Introducing Inflection AI’s Latest Model for Pi Chatbot, Offering Comparable Performance to GPT-4

Inflection AI, the Palo Alto-based startup founded by DeepMind co-founder Mustafa Suleyman and LinkedIn co-founder Reid Hoffman, has announced the launch of its latest model, Inflection-2.5. This new foundation model, built on previous work, outperforms the company’s original Inflection-1 and is comparable to OpenAI’s GPT-4 model, especially in STEM subjects. Inflection-2.5 powers the company’s Pi assistant, which aims to compete with ChatGPT and Gemini. The model can be tested via mobile and web platforms.

The introduction of Inflection-2.5 is part of a broader effort within the AI space to challenge the dominance of OpenAI. Anthropic recently released Claude 3 Opus, becoming the first model to surpass GPT-4. Inflection AI aims to create an “empathetic, useful, and safe” AI that acts more personally and colloquially than other models, including the GPT series. The company has used unique empathetic fine-tuning to give the Pi assistant a distinct personality and exceptional emotional intelligence (EQ).
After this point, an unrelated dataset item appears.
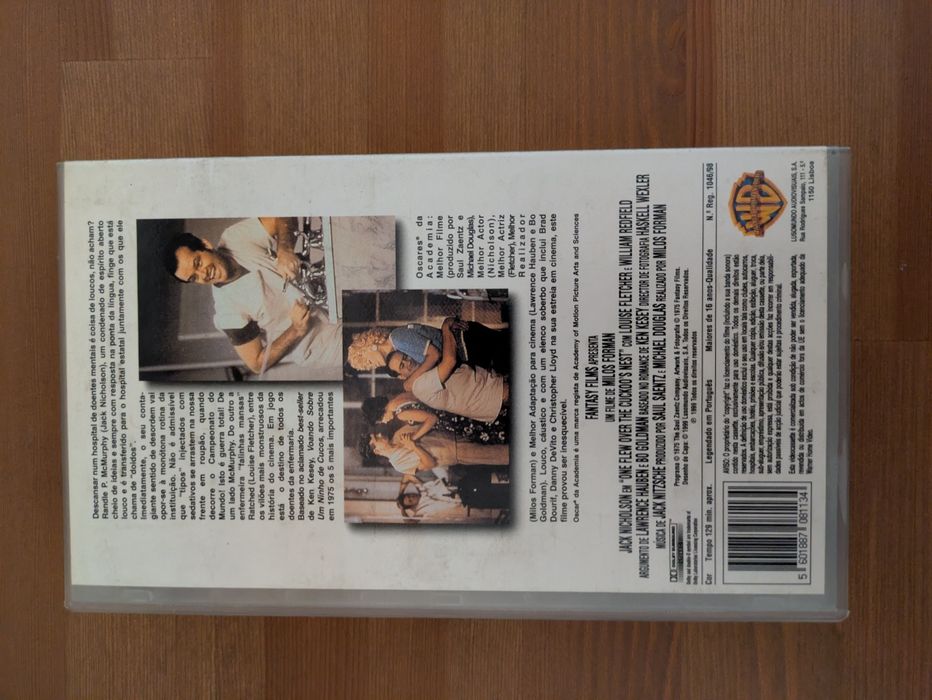 VHS " Voando sobre um ninho de Cucos " 1975 (Opt. Estado)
With Inflection-2.5, Inflection AI is focusing on building up the IQ aspect of its model, particularly in areas like physics and mathematics. Users interacting with Pi can discuss a wide range of topics, from hobbies to coding, checking answers to biology papers, or even drafting business plans. The upgraded model shows significant improvements over Inflection-1 and performs closely to GPT-4 in benchmarks. However, it still lags behind GPT-4 in terms of overall performance.

In benchmark tests, Inflection-2.5 scored 85.5 on the MMLU benchmark, just below GPT-4’s score of 87.3. In STEM exams, the model performed comparably to GPT-4, scoring 63 in the Hungarian Math exam (vs. GPT-4’s 68) and the 85th percentile in the Physics GRE (compared to GPT-4’s 97th percentile). It also scored 86.3 in the GSM8K benchmark, consisting of grade school math problems, compared to GPT-4’s score of 92. In terms of code generation capabilities, Inflection-2.5 scored 73.8 in the 0-shot HumanEval benchmark, while GPT-4 scored 79.3.

Inflection AI highlights that the performance achieved with Inflection-2.5 has been accomplished with more efficient training than GPT-4. The company states that Inflection-2.5 required only 40% of the training FLOPs (compute) of GPT-4 to achieve its results. Additionally, like GPT-4, Inflection-2.5 incorporates real-time web search capabilities, providing users with up-to-date information on current events. This upgrade is significant as Inflection AI positions Pi assistant as an AI for everyone.

Inflection AI has already rolled out the Inflection-2.5 model for its Pi chatbot, allowing users to test its capabilities. The company has not provided specific details on how users are benefiting from the upgraded model, but it has noted that it has had a significant impact on user sentiment, engagement, and retention, accelerating organic user growth. The Pi chatbot currently has one million daily active users and six million monthly active users, with over four billion messages exchanged with the AI. Users can access Pi on Android, iOS, web, and desktop applications.

With the launch of Inflection-2.5, Inflection AI continues to push the boundaries of AI technology, aiming to provide a more empathetic and useful AI experience. As the AI space evolves rapidly, companies like Inflection AI are striving to challenge established players like OpenAI and contribute to the development of AI for humanity.